On December 1, 1978, less than two months after assuming the Papacy, John Paul summoned Marcinkus for a meeting at the Apostolic Palace. It was the first time since his election that the two met alone. Six weeks earlier, Cardinals Benelli and Felici had given his predecessor a damning file about the IOR chief and the unchecked manner in which he ran the Vatican Bank. They worried that John Paul might not give it the attention it deserved. Although Kraków was a large, cash-poor diocese that he managed well, he was known not to like money matters. He did not even have his own bank account.13 Before the Pope met with Marcinkus that day, Felici checked to make sure the Pope had read the file. He had.14

When Marcinkus arrived, he sat on the far side of a large desk, across from the Pontiff. Marcinkus remembered enough of his parents’ Lithuanian dialect that they made some small talk in Polish.15 It was a good start. The duo had in common their outsider status, and the Pope knew that Cody and Marcinkus had facilitated contributions from American Poles in Chicago that had helped support his Kraków diocese.

Instead of talking about finances, John Paul surprised Marcinkus by discussing his plans for a foreign trip.

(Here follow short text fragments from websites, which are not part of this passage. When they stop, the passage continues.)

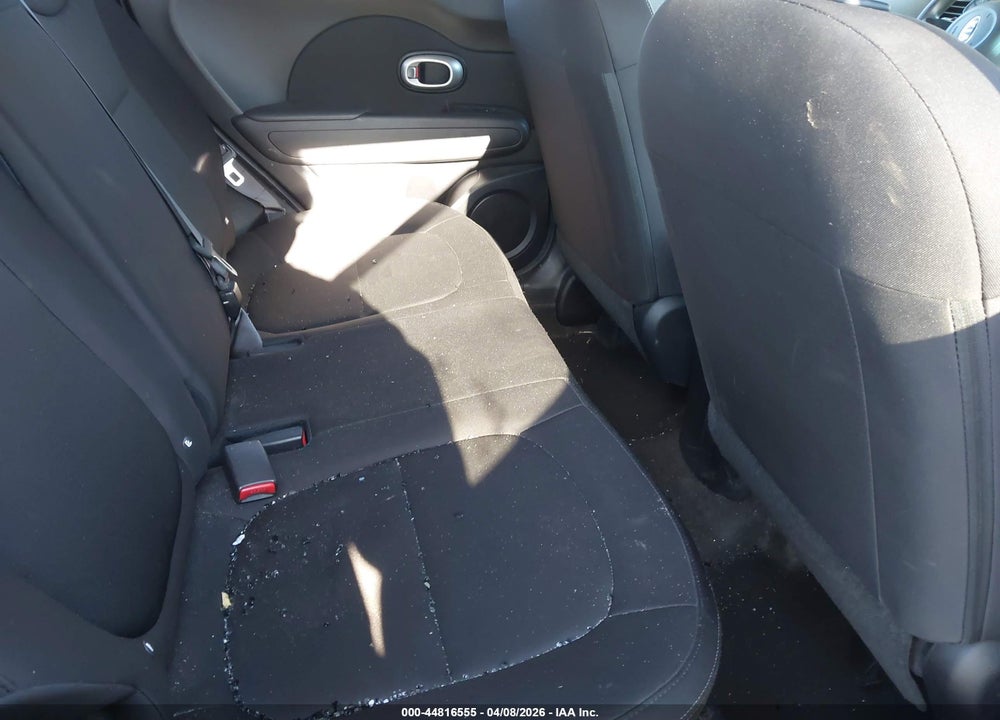2016 KIA SOUL VIN: KNDJN2A25G7246352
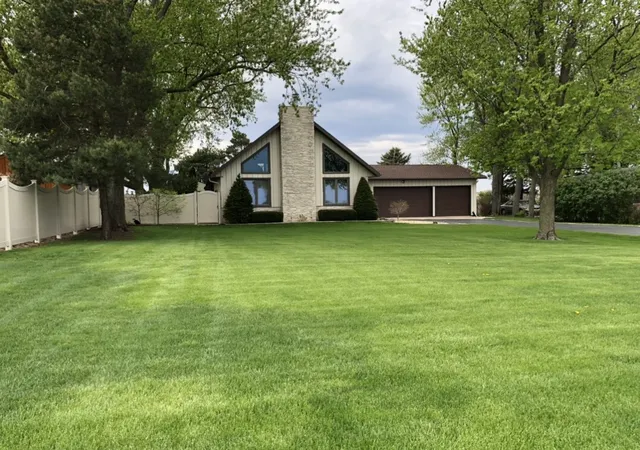 Photo 1 of Single family home for sale at 1669 N Il Route 23, Streator, IL 61364 | MLS# 12776653 | Listing updated on 2026-10-05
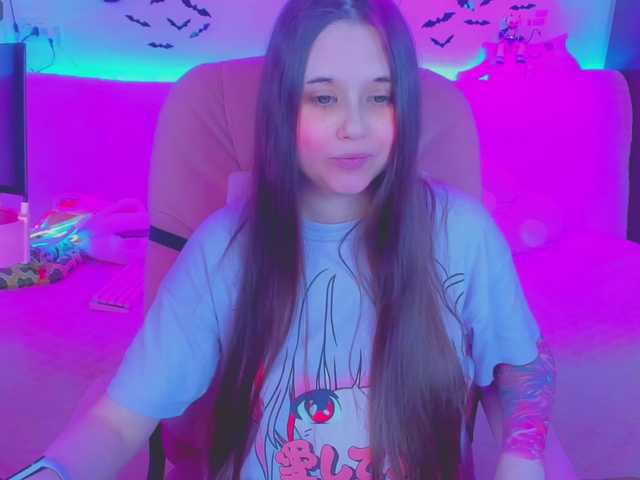 LittleKitsune live cam on BongaCams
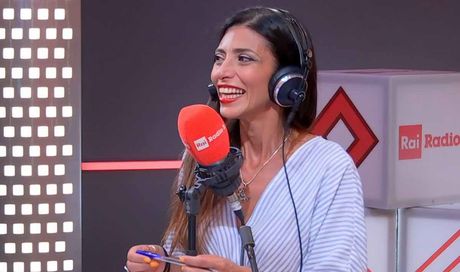 Le Lunatiche di Rai Radio 2, intervista a Federica Elmi: gli inizi e i 30 anni di carriera. “La radio è agile e dinamica. Non morirà”
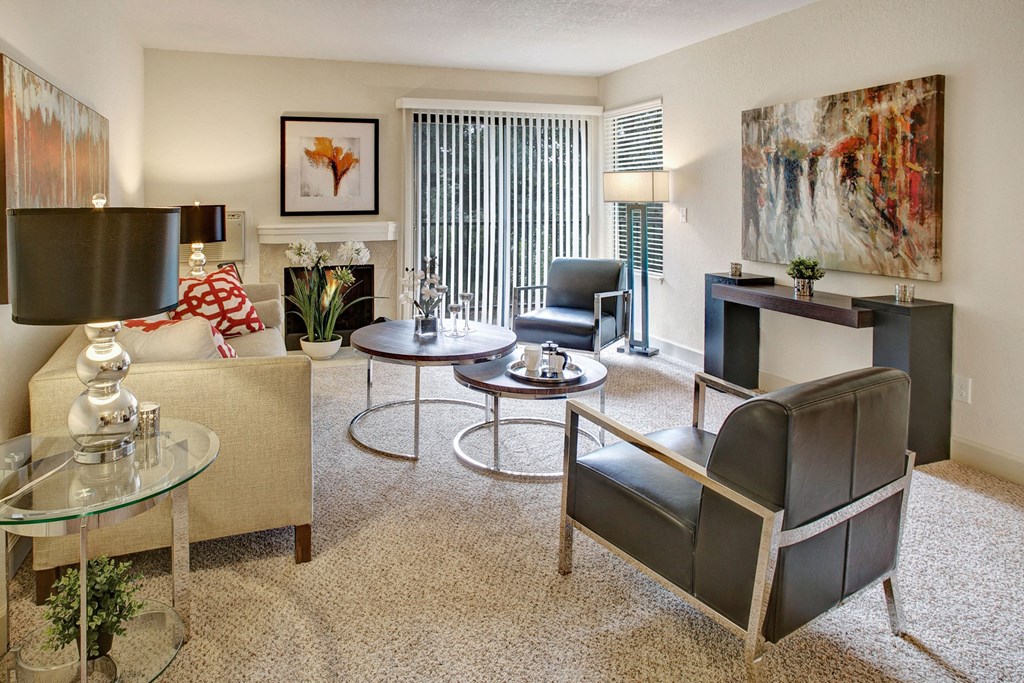 Heritage Hills living room Apartments in Renton, WA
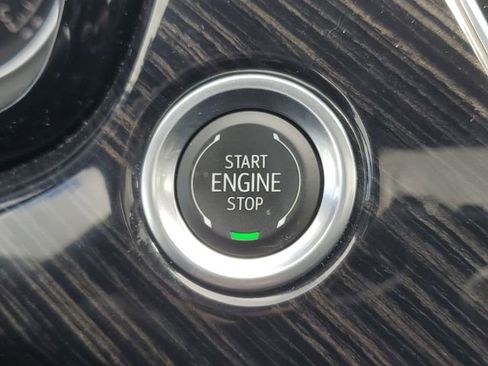 Used 2025 Cadillac XT6 Premium Luxury image 30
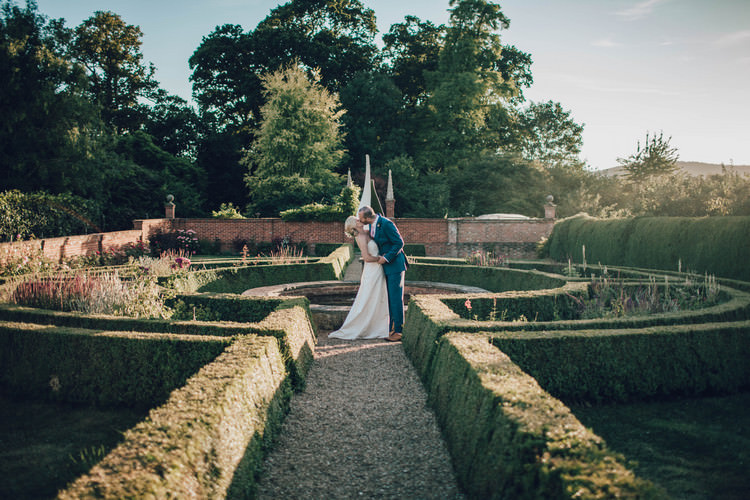 Summertime Pastel English Country Garden Wedding http://alipaul.com/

Mexico would be his first stop, John Paul told him, since the church was challenged on many fronts there, from ingrained poverty, corruption, a power surge by leftists, and even the growth of rival Pentecostals. Would Marcinkus organize the trip and accompany him? The fifty-six-year-old IOR chief must have felt great relief. He had gone from almost certain banishment a couple of months earlier under Luciani to being offered a chance by the new Pope to reprise his insider’s role on foreign trips.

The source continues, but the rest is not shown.